Wednesday, December 2, 2009

Wilkinson, Technically Speaking

There are quite a few technical analysis interview books on the market, but Technically Speaking: Tips and Strategies from 16 Top Analysts by Chris Wilkinson (Traders Press, 1997) is by far one of the best, especially for those who want to hold positions for more than ten minutes. The author, it is important to stress, interviewed top analysts, not top traders. They may not have made the most money or achieved the status of heroes, but since they earned their living analyzing and advising, they had to be a bit more cerebral. The interviewees were Stan Berge, Ralph Bloch, John Bollinger, Marc Chaikin, Paul Desmond, Peter Eliades, Bob Gabele, Paul Montgomery, John Murphy, Martin Pring, Phil Roth, Lance Stonecypher, Dan Sullivan, Jim Tillman, Stan Weinstein, and Newton Zinder.
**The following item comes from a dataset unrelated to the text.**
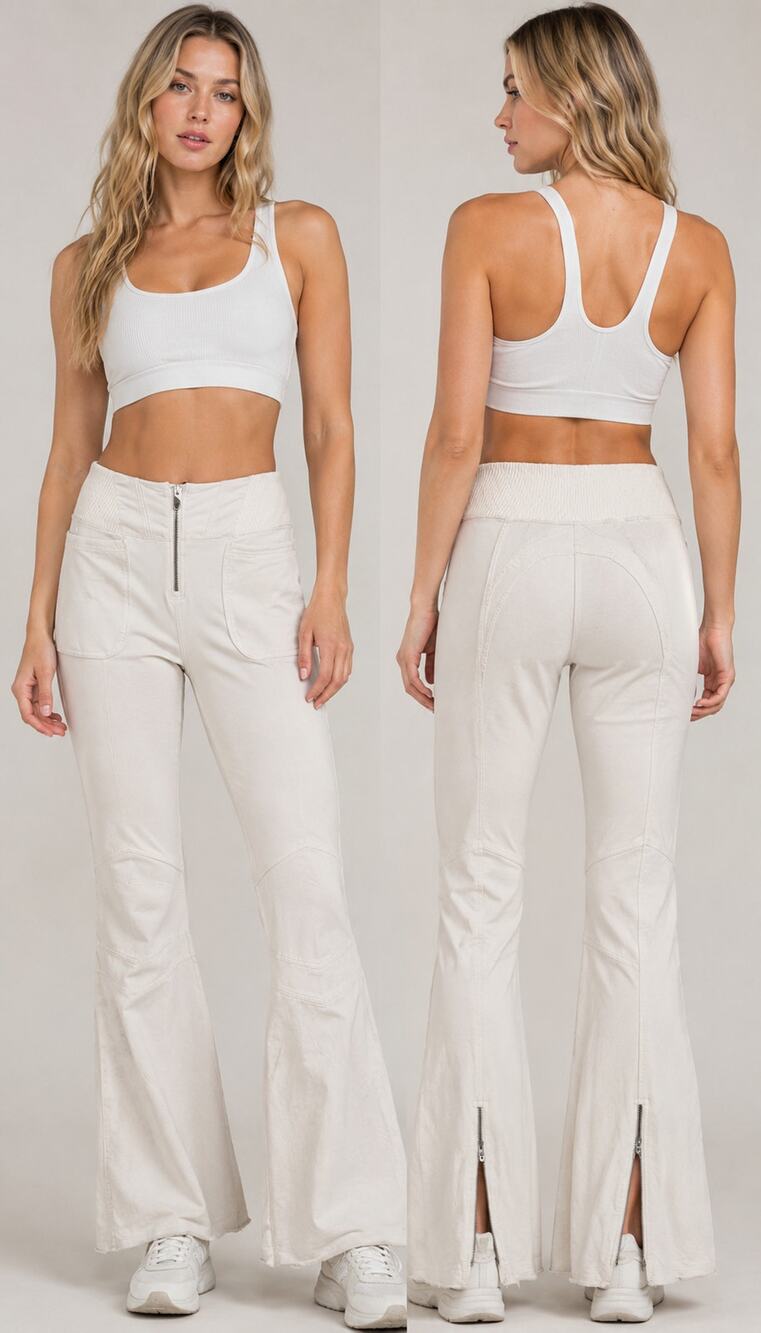 Free People Movement High Rise Flare Pants Beige Zip Front Size Large Athleiture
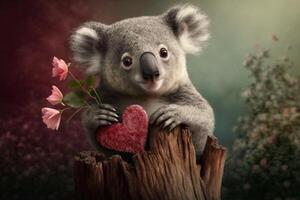 koala nel amore con cuore per San Valentino giorno, La madre di giorno o nozze anniversario ai generato soddisfare foto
Some of these names should be familiar to technical traders; others, I have to admit, I had never heard of.

I started with the most intriguing name and discovered that Lance Stonecypher is an analyst for Ned Davis Research. Now that’s a very familiar name. And in one brilliant paragraph he summarizes the four characteristics that are the basis of the philosophy at Ned Davis Research and that the top investing winners, despite often contradictory styles, share. Let me quote it in full.

“First, they all used objectively determined indicators rather than gut emotions to trade. Ned has a riddle he shares with clients relating to this. There is a room with three people in it. One is a high-priced lawyer, another is a low-priced lawyer, and the third is the tooth fairy. In the middle of them is a one hundred dollar bill. Suddenly, the lights go out and then come back on. The $100.00 has disappeared. The question is, ‘Who took the one hundred dollar bill?’ The answer is the high-priced lawyer because the other two are simply figments of the imagination. The point is that we want to make sure that what our indicators are saying [is] really factual rather than a figment of our imagination. It is absolutely critical that we stick with objectively determined indicators. The second characteristic is that all of these winners are very disciplined in their approach. They stay with their system through good times as well as bad. In classical Greek tragedies, the hero is always ruined in the end by some psychological character flaw. We often use this as an analogy because a common flaw of many investors is that they let their ego or personal feelings become involved in their market views, which makes it extremely difficult to admit mistakes. Discipline allows us to control our mistakes. The third key characteristic is that while disciplined, all of these people were flexible enough in their approach to change their minds whenever the evidence shifted. I remember back to the crash of 1987. Marty Zweig had done a study which showed that in every case, following a stock market decline of 30% or more, the economy always sank into a depression or severe recession. And yet within days after the crash, when his indicators turned very bullish, Marty turned bullish as well despite a lot of his fears. So he was flexible enough in his mindset that he shifted his outlook based on his objective indicators. The fourth characteristic is that all of these people are extremely risk averse. Ned Davis once asked Paul Tudor Jones what he did at work all day. He said, ‘The first thing I do is try and figure out what could go wrong and then I spend the rest of the day trying to cut my risks.’ Now, here is a commodity trader who is known as a risk taker, but I say he is risk averse. So, these four tenets: objectivity, discipline, flexibility, and risk management are the cornerstones of our investment philosophy.” (pp. 354-55)

To me that one paragraph alone is worth the $35 price of the book. But this nearly 500-page 8 1/2” x 11” book is jam packed with valuable information for investor and trader alike. The interviewer has done a masterful job of steering the conversations to bring out the best in each of these analysts. No cookie-cutter model here. She seems equally at home with those who rely on cycles, interest rate models, or volatility indicators. And, by the way, when you’re reading this book, don’t pick and choose your way through. There are valuable insights even for the experienced trader and investor in virtually every interview.